EXERCISE GOAL:
Restrict the output to the lines below starting at the one that contains "a manhã. Previsão" and ending at the one that contains "60, HEATHERLEY DRIVE, NOTTINGHAM, NG6", and restate them word for word, both ends included.
[[ RECORDED INFORMATION, beginning ]]
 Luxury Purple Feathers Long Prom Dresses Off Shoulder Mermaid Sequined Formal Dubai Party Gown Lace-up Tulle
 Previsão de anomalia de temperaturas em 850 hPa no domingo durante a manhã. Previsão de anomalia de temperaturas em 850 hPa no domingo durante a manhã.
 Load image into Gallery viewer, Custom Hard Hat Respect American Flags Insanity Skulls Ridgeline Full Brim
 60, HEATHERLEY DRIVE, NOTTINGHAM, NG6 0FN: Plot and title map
[[ RECORDED INFORMATION, end ]]
[[ RECORDED INFORMATION, beginning ]]
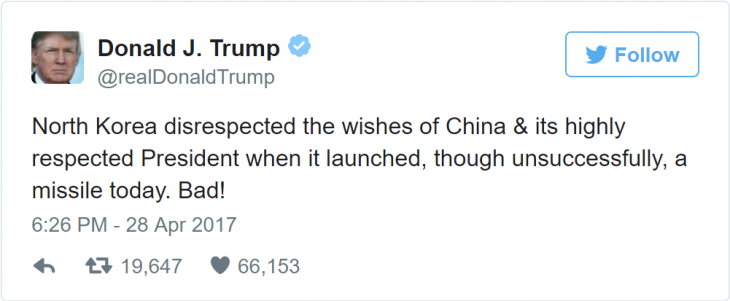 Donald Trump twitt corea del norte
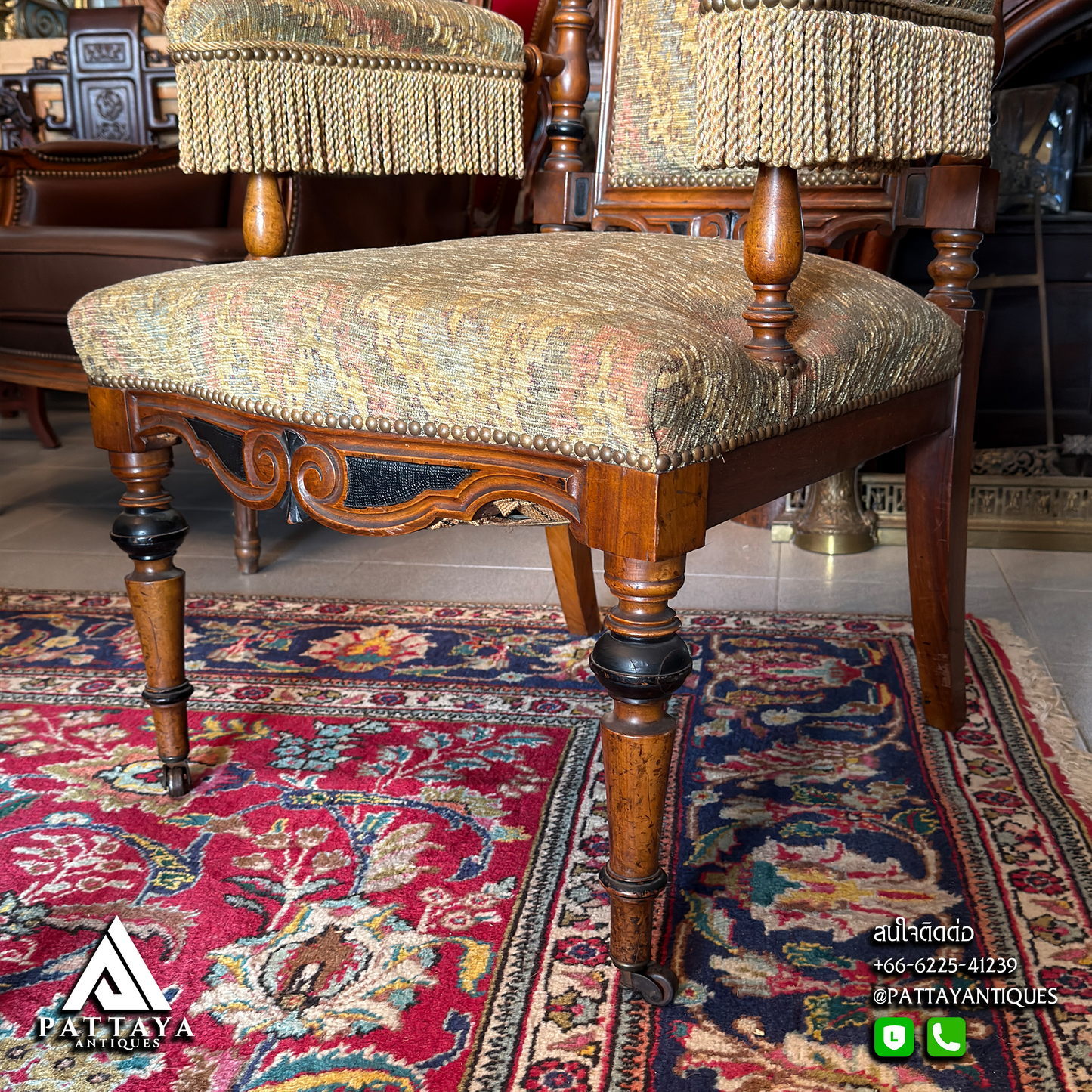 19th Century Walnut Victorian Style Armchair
[[ RECORDED INFORMATION, end ]]
SOLUTION:
 Previsão de anomalia de temperaturas em 850 hPa no domingo durante a manhã. Previsão de anomalia de temperaturas em 850 hPa no domingo durante a manhã.
 Load image into Gallery viewer, Custom Hard Hat Respect American Flags Insanity Skulls Ridgeline Full Brim
 60, HEATHERLEY DRIVE, NOTTINGHAM, NG6 0FN: Plot and title map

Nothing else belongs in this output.